The former CIO — appointed by US President Barack Obama to be the first government CIO in March 2009 until he stepped down from the role in August 2011 — told an audience at the CA World conference in Las Vegas that as cyber warfare becomes more likely, governments must consider how much they rely on commercial companies for their critical infrastructure.

"Over 70 per cent of the infrastructure the [US] government uses is not even in the government hands," he said. "The question becomes ... what represents systemic risk, what is the right level of partnership between the public sector and the private sector," he said. Kundra added that recent incidents of cyber attacks in the US showed that hacking was no longer just the domain of "teenage hackers doing this for fun" but also organised crime and nation states.

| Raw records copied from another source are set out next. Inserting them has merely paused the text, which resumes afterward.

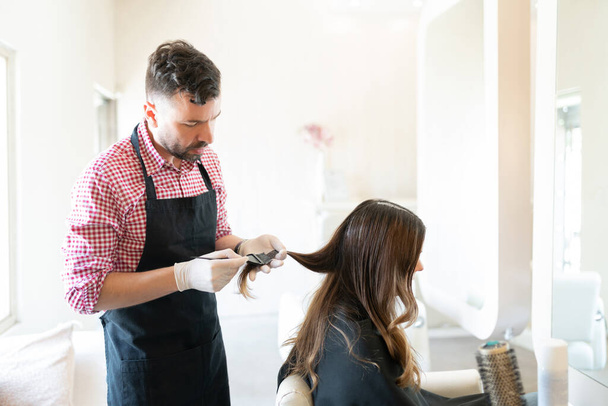 Male hairdresser applying dye on hair of young woman at beauty studio - Photo, Image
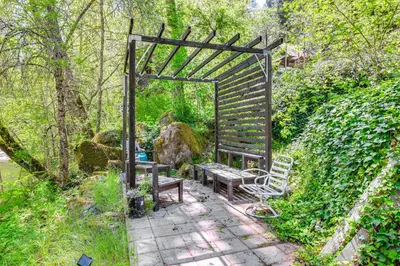 a garden with a bench and a wooden pergola at On-Site River Access Quiet Home in Wilseyville! in Wilseyville
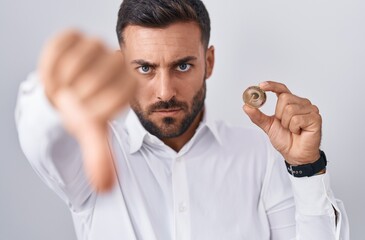 Handsome hispanic man holding polkadot cryptocurrency coin with angry face, negative sign showing...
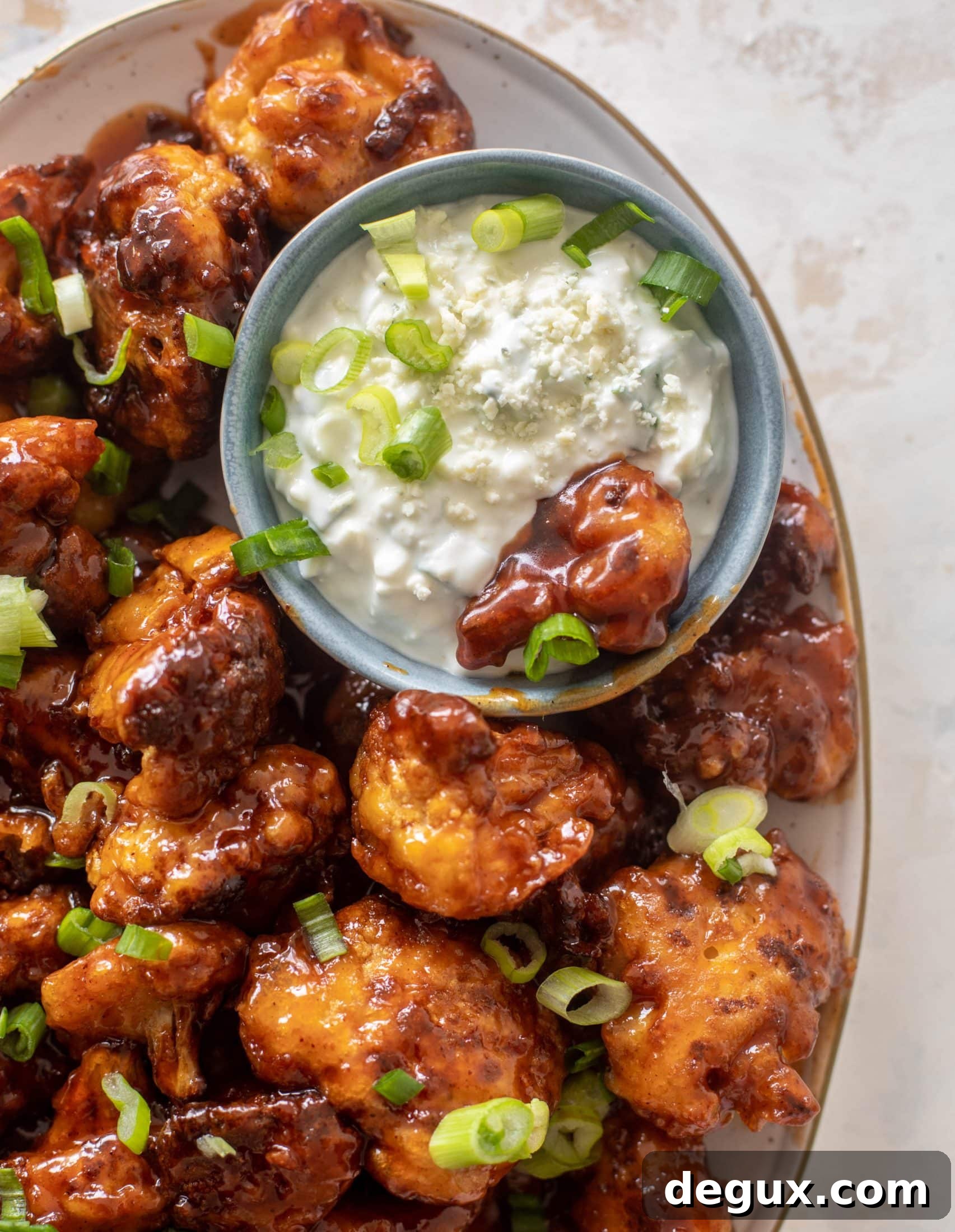 Sticky BBQ Cauliflower Bites with Greek Yogurt Blue Cheese Dip 2 sticky BBQ cauliflower bites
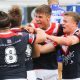 Sydney Roosters players get around Brent Hawkins after he scored the winning try
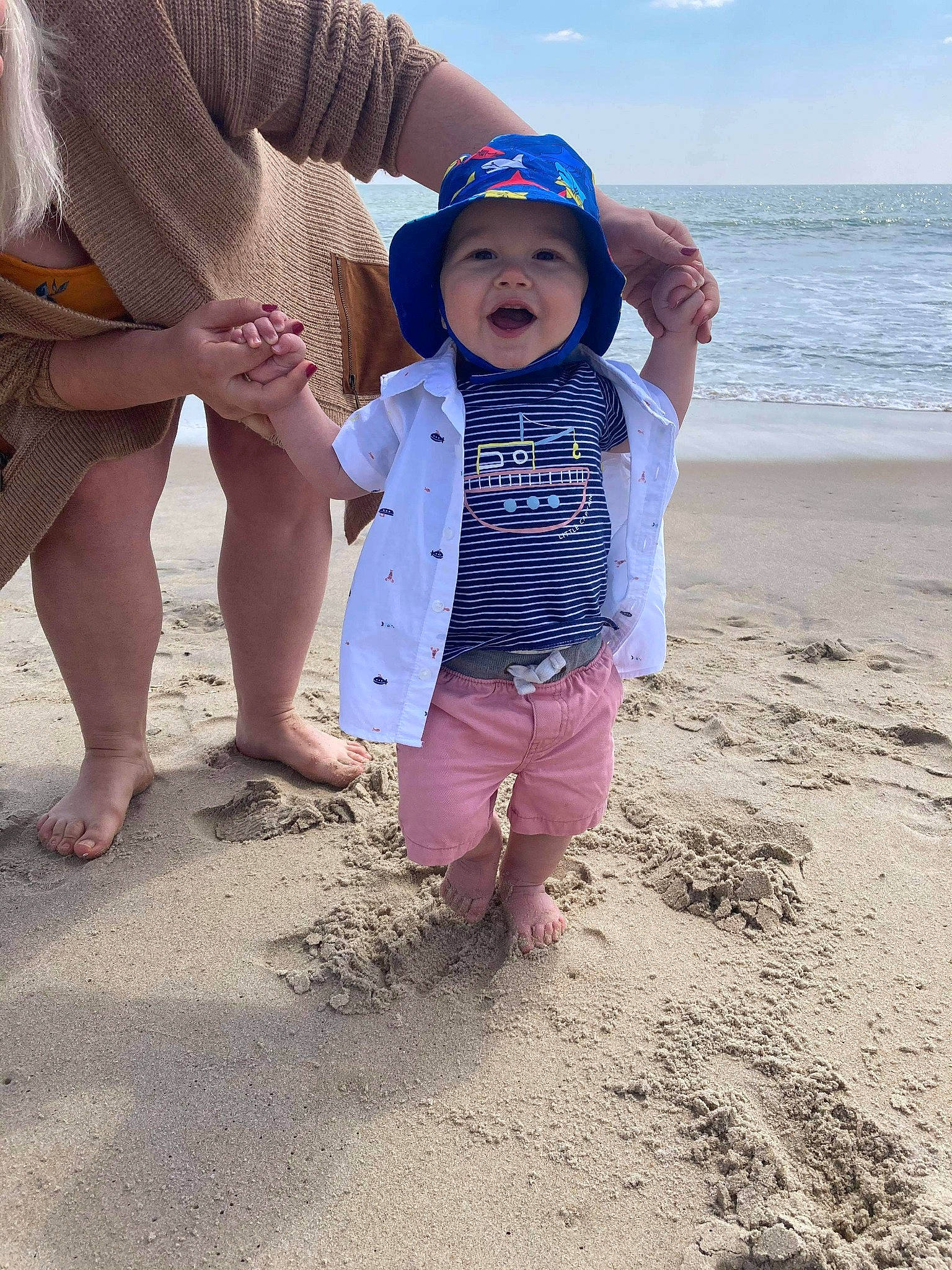 Jackson Thomas is registered to the contest to win money with this photo: baby, barefoot, beach, child, cloud, fun, gesture, hand, happy, hat, headwear, leg, leisure, people_in_nature, people_on_beach, person, sand, shorts, sky, sun_hat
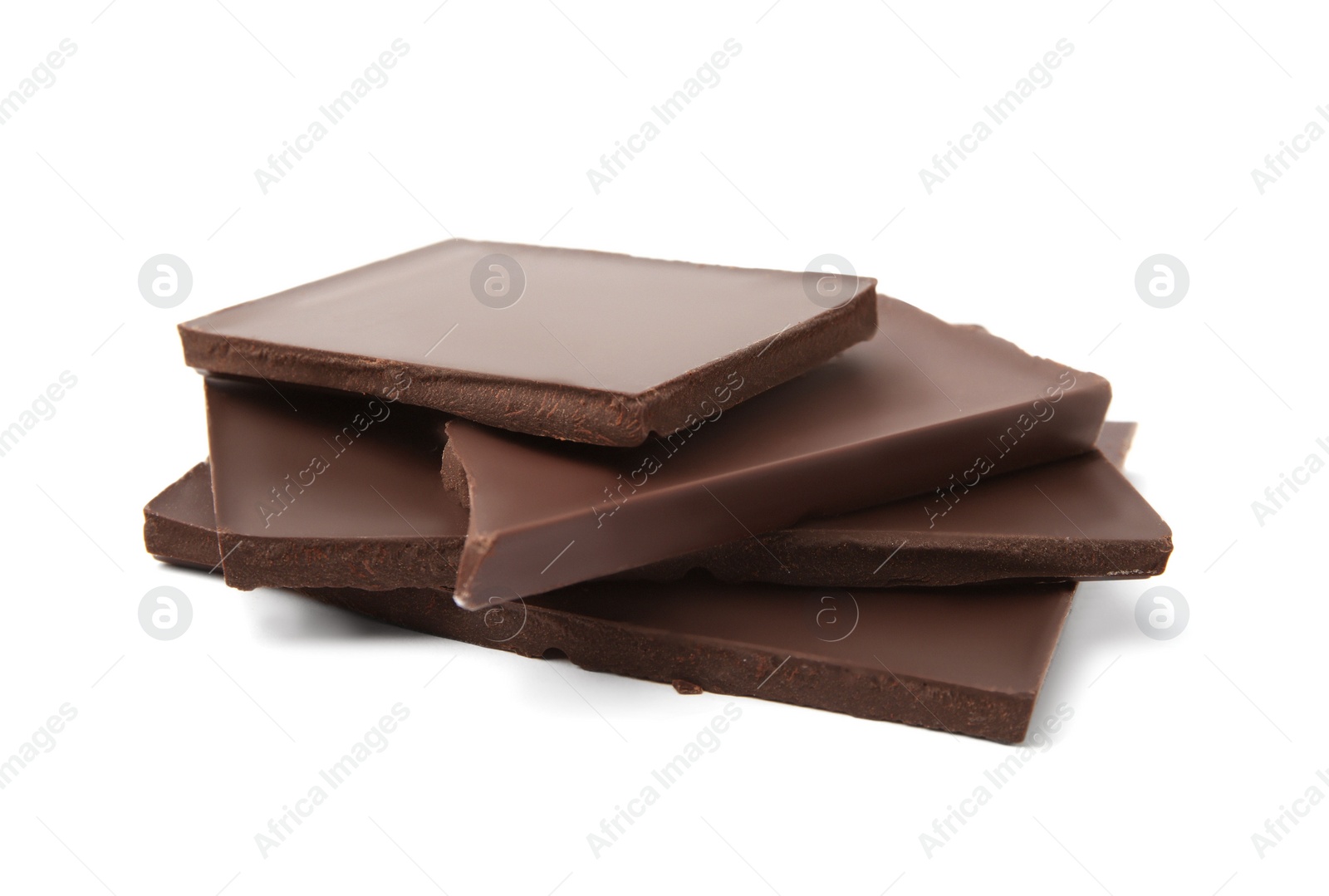 Photo of Pieces of tasty dark chocolate bar on isolated white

"There's a [cyber] arms race around those actors that want to do harm," he said.

The US must look at what countries like Australia are doing, he said, building out national telecommunications infrastructure such as the National Broadband Network (NBN).

"[There are] massive investments in Australia being made around backbone infrastructure," he said.

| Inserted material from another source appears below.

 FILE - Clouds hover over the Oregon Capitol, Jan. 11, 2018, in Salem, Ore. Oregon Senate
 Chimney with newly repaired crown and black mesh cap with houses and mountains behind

Former HP president and current chairman of Virtual Computing Environment Company (VCE), Michael D. Capellas, told the conference that he believed the bringing down of the internet through cyber terrorism will happen.

"The internet will shut down. It will happen," he said, adding that breaking into the US power grid would "not take much" given how well some cyber warfare groups were organised and funded.

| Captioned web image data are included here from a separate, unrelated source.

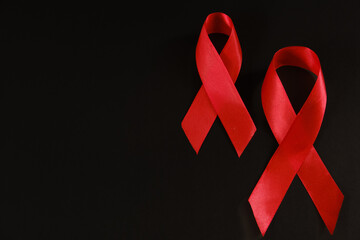 red ribbon symbol of World AIDS Day. Top view. Free copy space.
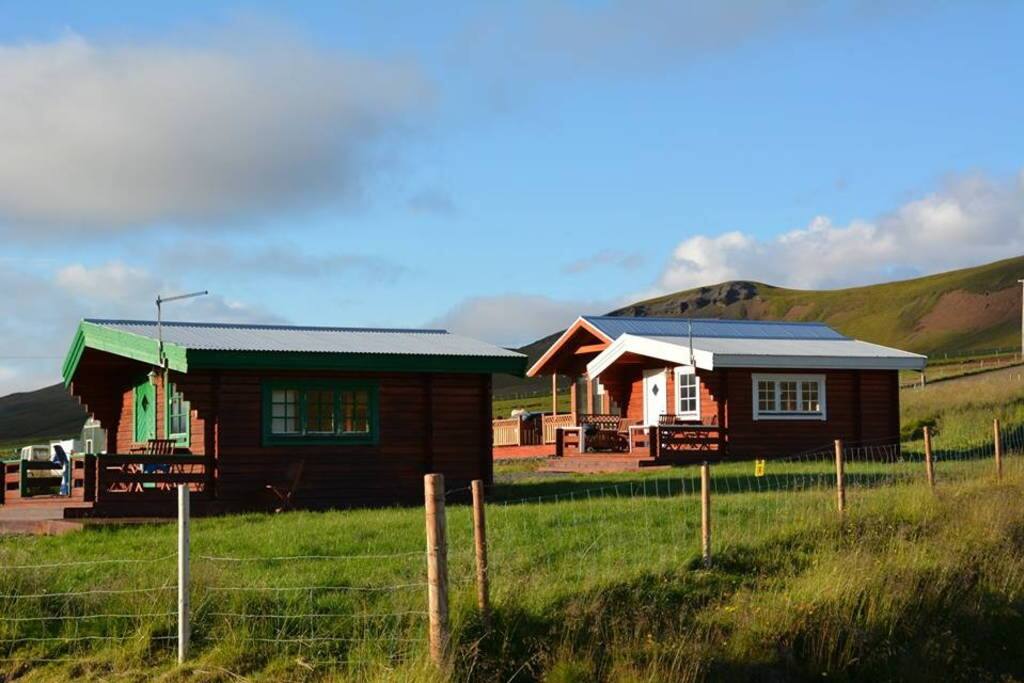 The three wooden cottages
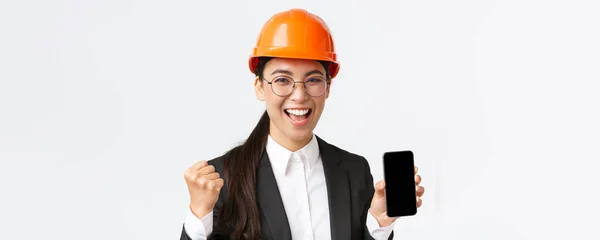 Zwycięska azjatycka inżynier, architekt w kasku bezpieczeństwa i garniturze, pokazując ekran smartfona, pompy pięści i krzycząc tak z radości, triumfując nad osiągnięciami, białe tło — Zdjęcie stockowe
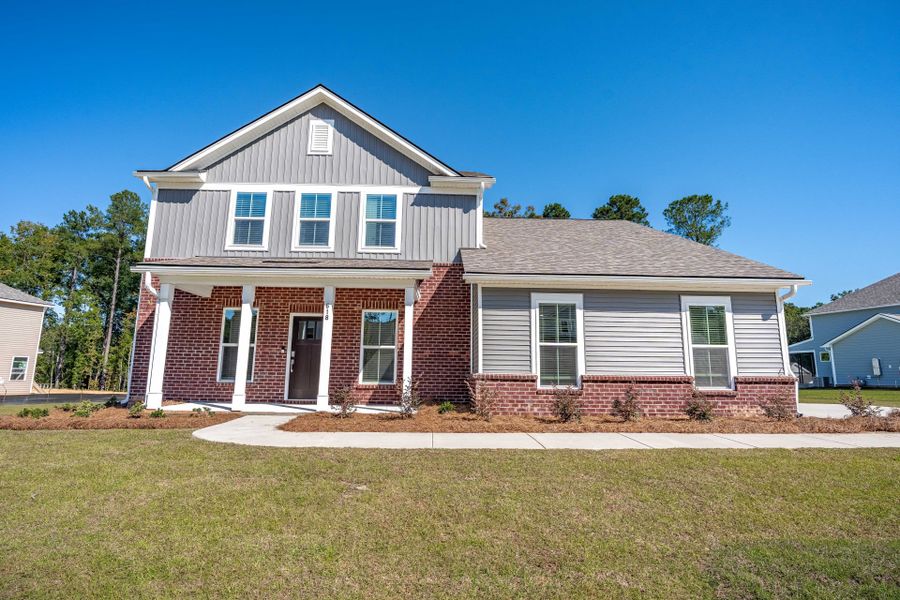 Front exterior of a new home in Oakleaf Chase, Blythewood, SC, highlighting curb appeal (Image 22).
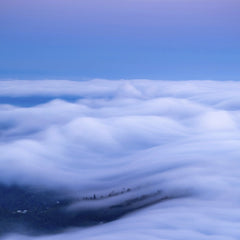 Zetong Li - An enchanting view of clouds resembling ocean waves during twilight.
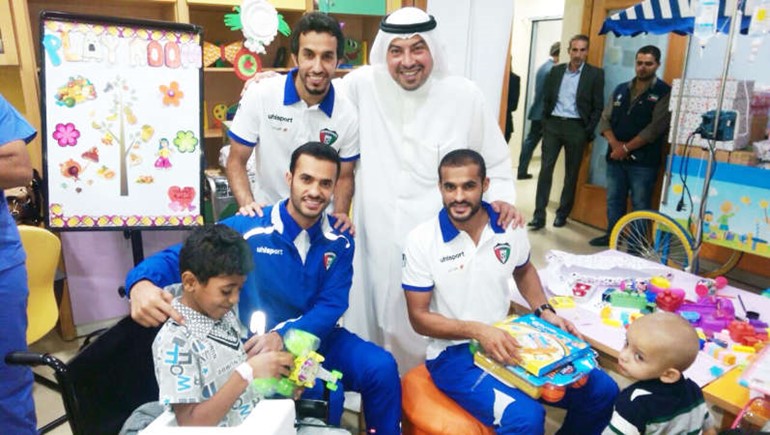 الفهد ومجموعة من اللاعبين يوزعون الهدايا على الاطفال
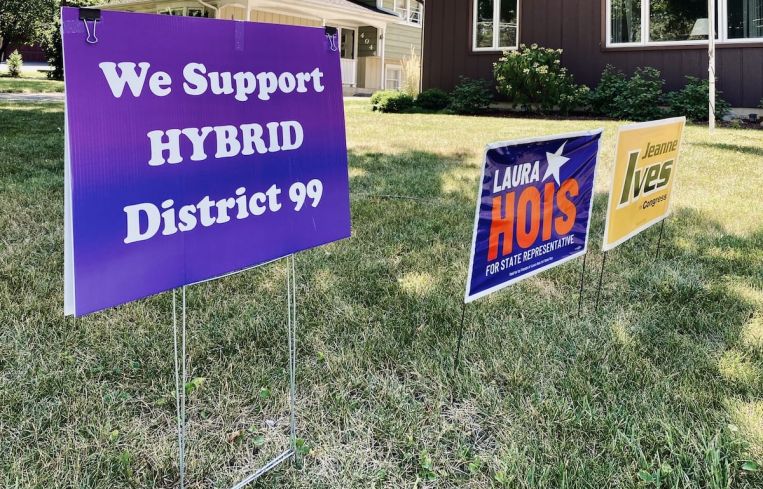 A lawn sign supports a hybrid mix strategy with both in-person and remote learning.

"These are very well organised, extremely and sometimes nationally sponsored," Capellas said.

Kundra said that data sovereignty was also going to be a huge issue. Although much could be learned from the globalisation of commerce and trade, he believes "it's a little more complicated when it comes to the information economy".

"Nation states are going to have to confront this new reality."

Kundra said he also saw state-level internet filtering and the monetisation of personal information as issues that kept him up at night. Kundra left the US Government CIO position in August to take up a fellowship at Harvard University.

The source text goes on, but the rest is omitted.